At a Tompkins County Criminal Justice/ATI Task Force meeting, Sergeant Ban of the county sheriff’s office explained the practical and legal factors officers use to decide whether to issue an appearance ticket or take someone for arraignment.
Ban said officers follow the Criminal Procedure Law §530.10 framework and use charge class, criminal history and failure-to-appear records to guide decisions. "Anything felony or greater, we have to do an arraignment," he said, and noted that some E-felonies and offenses tied to orders of protection also require judicial arraignment.
He distinguished arrest warrants (judge-signed charges for persons not yet before a court) from bench warrants (issued when someone fails to appear). "Either one obligates an arraignment," Ban said, adding that a bench warrant typically "makes us feel that they're not gonna appear," which prompts arrest and a judge arraignment.

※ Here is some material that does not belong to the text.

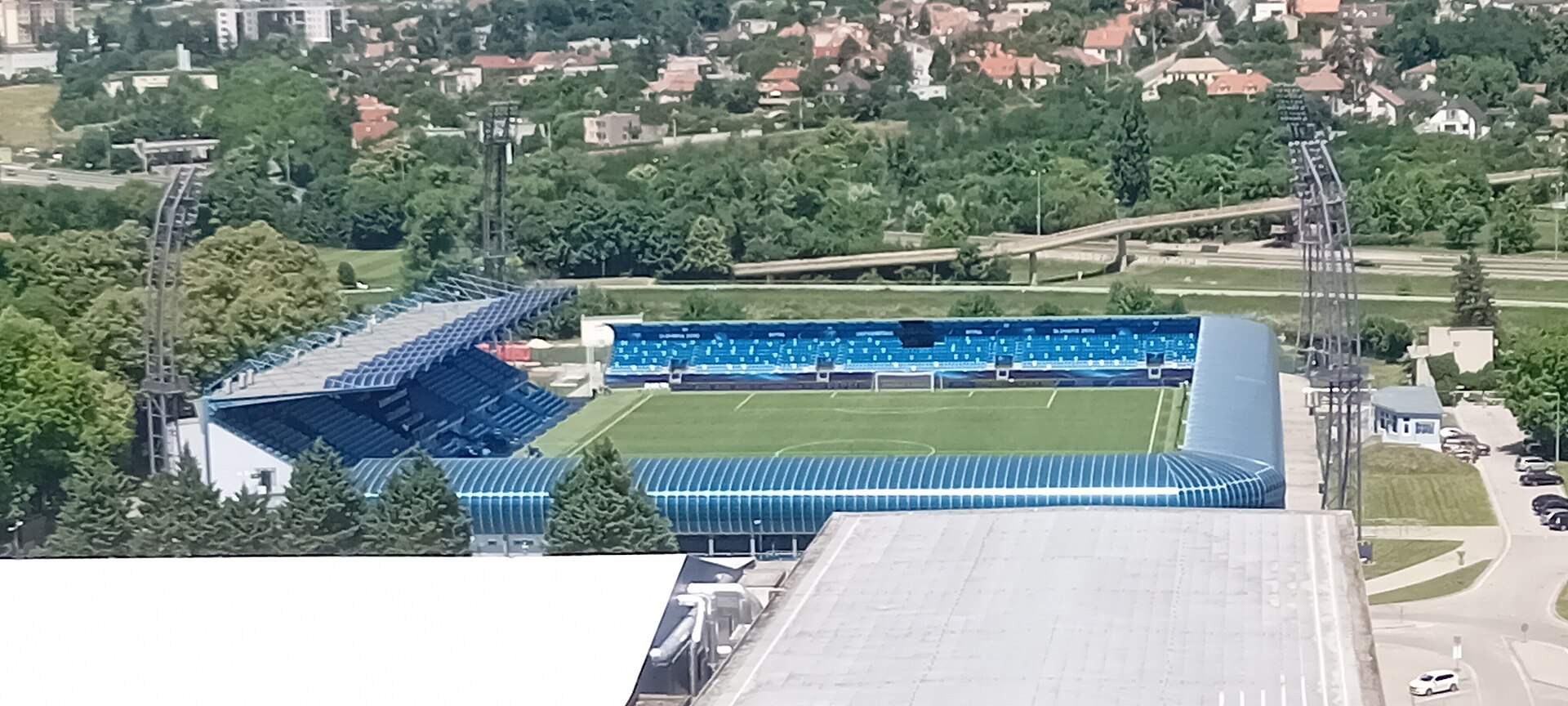 Nitra Stadium Before England vs Slovenia match at 2025 UEFA European Under-21 Championship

Ban described how officers consider criminal-history indicators such as prior bench warrants or multiple failures to appear. "If there's even one [failure to appear], that's typically cause for us to do an arraignment," he said, noting that officers also weigh behavior during processing (refusal to provide identity, uncooperative admissions) when deciding to seek an arraignment.
The sergeant also explained a practical difference between police departments and sheriffs: municipal police often have statutory authority to take bail at the station for certain misdemeanor-level cases; sheriffs generally must seek a judge to set bail in those circumstances. "We have to seek a judge for an arraignment for him to take bail," Ban said.
On DWI investigations, Ban said, refusal to submit to a chemical test requires bringing the person before a judge so the court can rule on license suspension and related DMV processes. "If someone refuses, the judge essentially says, ‘You refused to submit a chemical test; I'm suspending your license,’" he said.
Why it matters: the sheriff’s office account clarified many of the discretionary points the task force plans to map — where front-line discretion exists, and where legal mandates remove it — information members said they will use to design reforms to reduce unnecessary jail time.
The task force agreed to record the mapping on a wall-sized flowchart, scan and archive iterations, and bring a refined map back to future meetings for analysis and public outreach.